Kuester stepped into her role as pastor July 21, making July 27 her first Sunday in the pulpit.

“It was great,” Kuester said while sipping coffee in her office. “This is such a warm and welcoming community. Everyone is so kind.”

Kuester said coming to the Roberts church seemed “like it was meant to be.” Not only do she and her husband Lanny have a house in Stillwater, but her position as an interim pastor at First Congregational United Church of Christ in Moorhead, Minn., was coming to an end. She was interim pastor there for 10 months, while her husband remained at home as pastor of People’s Congregational Church in Bayport, Minn.

She heard from a colleague about an opening at Roberts, and everything fell into place after her interview.

“It seemed like a really good fit,” Kuester said.

Pastor Melinda Feller’s last day at Roberts UCC was June 15. She has moved to eastern Wisconsin, Kuester said.

Kuester grew up in Nebraska.

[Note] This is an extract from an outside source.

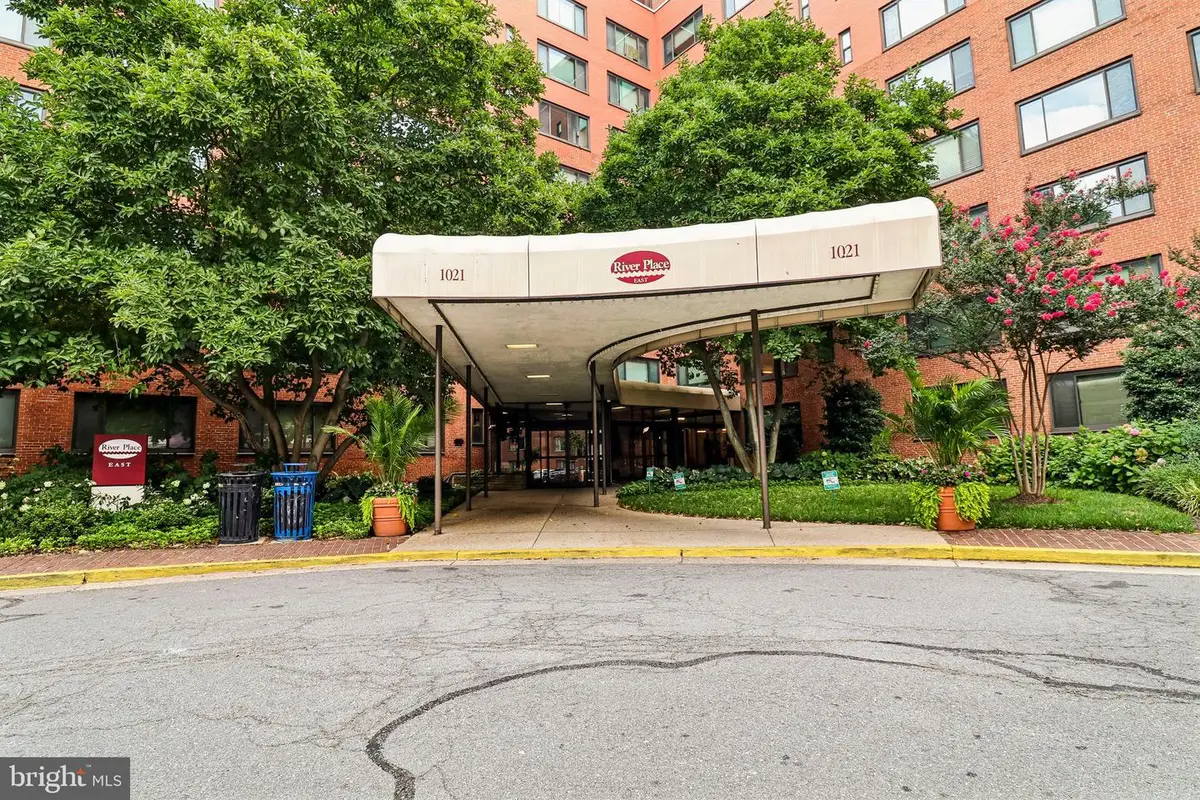 1021 Arlington Blvd #834, Arlington, VA 22209 - #1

While she didn’t grow up on a farm, she comes from a farming background.

“It’s such an interesting blend around here, isn’t it?” she said of the farming/rural/suburban culture of western Wisconsin. “A lot of changes are coming for this area.”

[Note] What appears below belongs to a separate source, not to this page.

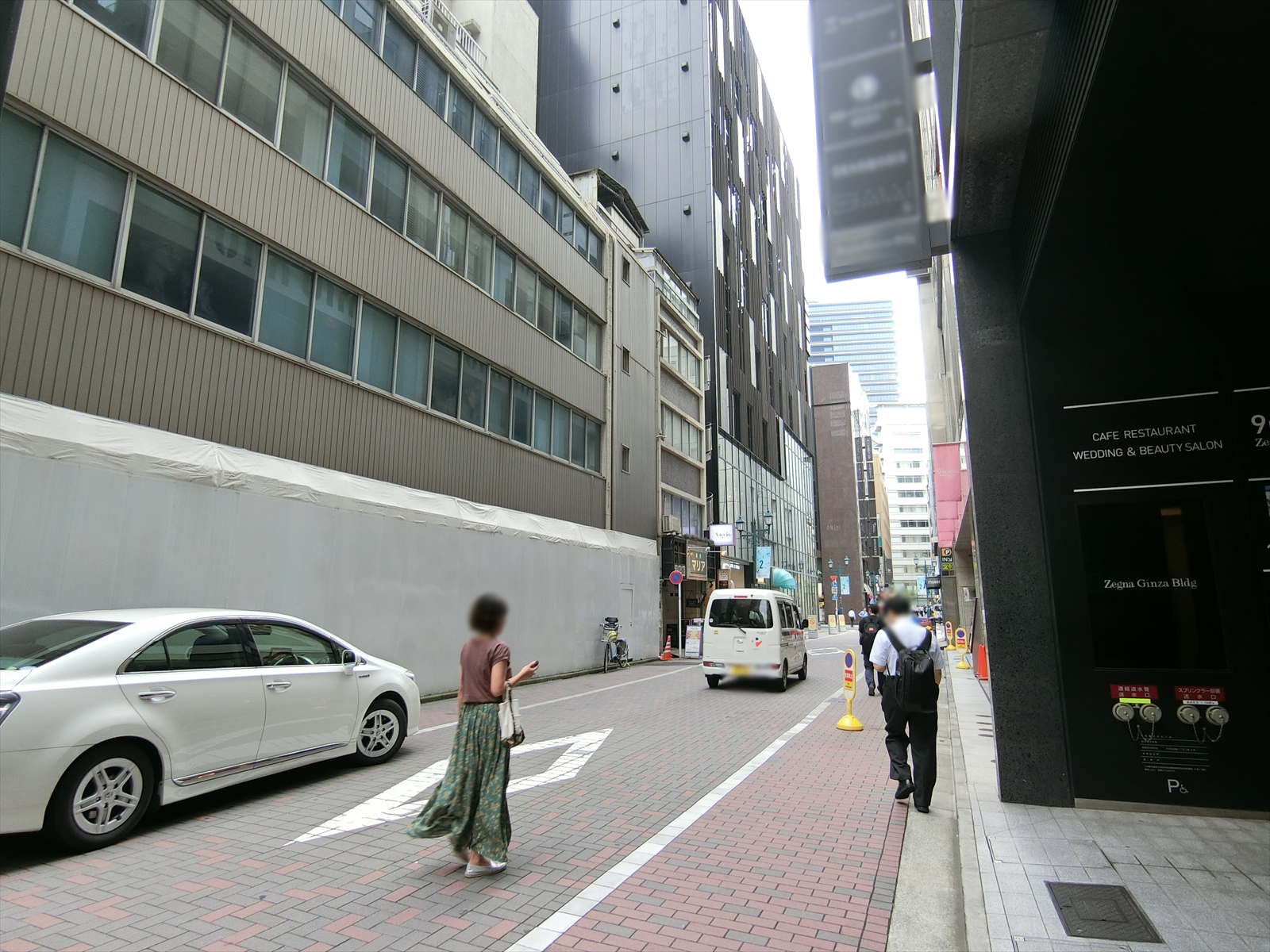 ゼニア銀座ビル前面の通り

Kuester graduated from United Theological Seminary in New Brighton, Minn., in 2011. Roberts UCC is the third church she has served.

While Kuester described her background as deeply imbedded in theater and singing (directing and performing), she feels arts and spirituality complement each other beautifully.

“Arts are a wonderful expression of spirituality,” Kuester said. “In learning how to sing, I learned it was a way to open up to God. It’s a natural way to be more deliberate in finding spiritual expression.”

Before she entered the seminary, Kuester took classes in the family social science department at the University of Minnesota, but was missing the spiritual component of her education. She said she took one class at the seminary, then another, and then another.

“I’m so grateful for the background I have because you bring everything you have to ministry, truly,” Kuester said.

Kuester, who has lived in the Twin Cities area her entire adult life, has two children: Emily, who lives in Spain; and Nathan, who lives in Washington, D.C. Her husband has two sons, Cody and Ben. Her eyes fairly sparkled when she spoke of her coonhound/Rottweiler, Homer.

“He’s old and deaf, but he loves me,” Kuester said. “He is so happy that I’m home.”

It’s obvious Kuester is happy to be in her home area too. She said while summertime at churches can be quiet, that is not so at Roberts UCC.

“Vacation Bible School begins on the 23rd, and the Red Cross had their blood drive here yesterday,” Kuester said. “We have the food pantry. There’s a lot going on, so I’m jumping in. There’s no time to rest.”

She also hopes to begin offering guidance in “parenting as a spiritual practice.”

As she looked around her new church home, she smiled.

“There are a lot of big hopes and dreams in making a building like this,” Kuester said. “I envision it as a community gathering place. I’m looking forward to getting to know the communities. My learning curve is very steep.”